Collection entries
★ ★ ★ ★
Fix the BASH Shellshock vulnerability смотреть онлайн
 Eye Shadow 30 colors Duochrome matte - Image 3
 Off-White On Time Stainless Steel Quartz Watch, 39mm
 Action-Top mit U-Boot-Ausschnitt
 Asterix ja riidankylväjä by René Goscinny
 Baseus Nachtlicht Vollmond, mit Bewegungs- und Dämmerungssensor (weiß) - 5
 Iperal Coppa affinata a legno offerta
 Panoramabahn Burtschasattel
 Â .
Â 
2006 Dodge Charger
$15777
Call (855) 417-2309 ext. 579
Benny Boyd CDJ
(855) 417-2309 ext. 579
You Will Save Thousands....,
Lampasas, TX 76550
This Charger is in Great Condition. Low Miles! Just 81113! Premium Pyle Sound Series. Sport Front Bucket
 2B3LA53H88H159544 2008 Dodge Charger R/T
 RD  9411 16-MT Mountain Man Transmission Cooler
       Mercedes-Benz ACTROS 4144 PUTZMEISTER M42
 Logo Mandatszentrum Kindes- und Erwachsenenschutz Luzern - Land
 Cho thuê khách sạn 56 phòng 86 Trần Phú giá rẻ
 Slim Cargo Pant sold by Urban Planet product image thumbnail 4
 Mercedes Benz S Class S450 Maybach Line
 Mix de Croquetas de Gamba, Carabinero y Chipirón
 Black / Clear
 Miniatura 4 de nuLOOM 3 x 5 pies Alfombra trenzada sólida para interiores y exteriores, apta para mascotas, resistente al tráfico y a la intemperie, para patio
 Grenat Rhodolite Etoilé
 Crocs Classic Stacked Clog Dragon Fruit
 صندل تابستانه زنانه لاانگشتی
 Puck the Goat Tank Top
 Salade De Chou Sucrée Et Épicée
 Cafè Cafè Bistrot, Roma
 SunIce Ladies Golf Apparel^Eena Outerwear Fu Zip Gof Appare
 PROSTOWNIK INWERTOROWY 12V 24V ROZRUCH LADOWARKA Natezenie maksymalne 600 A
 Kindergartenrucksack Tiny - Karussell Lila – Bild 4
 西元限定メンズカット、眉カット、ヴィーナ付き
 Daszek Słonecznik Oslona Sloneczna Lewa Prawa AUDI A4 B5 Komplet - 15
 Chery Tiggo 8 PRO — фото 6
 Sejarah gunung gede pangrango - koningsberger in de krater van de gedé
★ ★ ★ ★
Exercise: Give back only the lines from the one containing "Action-Top mit U-Boot-Ausschnitt" through the final line of the entries above, exactly as written, both included.

Completed task:
 Action-Top mit U-Boot-Ausschnitt
 Asterix ja riidankylväjä by René Goscinny
 Baseus Nachtlicht Vollmond, mit Bewegungs- und Dämmerungssensor (weiß) - 5
 Iperal Coppa affinata a legno offerta
 Panoramabahn Burtschasattel
 Â .
Â 
2006 Dodge Charger
$15777
Call (855) 417-2309 ext. 579
Benny Boyd CDJ
(855) 417-2309 ext. 579
You Will Save Thousands....,
Lampasas, TX 76550
This Charger is in Great Condition. Low Miles! Just 81113! Premium Pyle Sound Series. Sport Front Bucket
 2B3LA53H88H159544 2008 Dodge Charger R/T
 RD  9411 16-MT Mountain Man Transmission Cooler
       Mercedes-Benz ACTROS 4144 PUTZMEISTER M42
 Logo Mandatszentrum Kindes- und Erwachsenenschutz Luzern - Land
 Cho thuê khách sạn 56 phòng 86 Trần Phú giá rẻ
 Slim Cargo Pant sold by Urban Planet product image thumbnail 4
 Mercedes Benz S Class S450 Maybach Line
 Mix de Croquetas de Gamba, Carabinero y Chipirón
 Black / Clear
 Miniatura 4 de nuLOOM 3 x 5 pies Alfombra trenzada sólida para interiores y exteriores, apta para mascotas, resistente al tráfico y a la intemperie, para patio
 Grenat Rhodolite Etoilé
 Crocs Classic Stacked Clog Dragon Fruit
 صندل تابستانه زنانه لاانگشتی
 Puck the Goat Tank Top
 Salade De Chou Sucrée Et Épicée
 Cafè Cafè Bistrot, Roma
 SunIce Ladies Golf Apparel^Eena Outerwear Fu Zip Gof Appare
 PROSTOWNIK INWERTOROWY 12V 24V ROZRUCH LADOWARKA Natezenie maksymalne 600 A
 Kindergartenrucksack Tiny - Karussell Lila – Bild 4
 西元限定メンズカット、眉カット、ヴィーナ付き
 Daszek Słonecznik Oslona Sloneczna Lewa Prawa AUDI A4 B5 Komplet - 15
 Chery Tiggo 8 PRO — фото 6
 Sejarah gunung gede pangrango - koningsberger in de krater van de gedé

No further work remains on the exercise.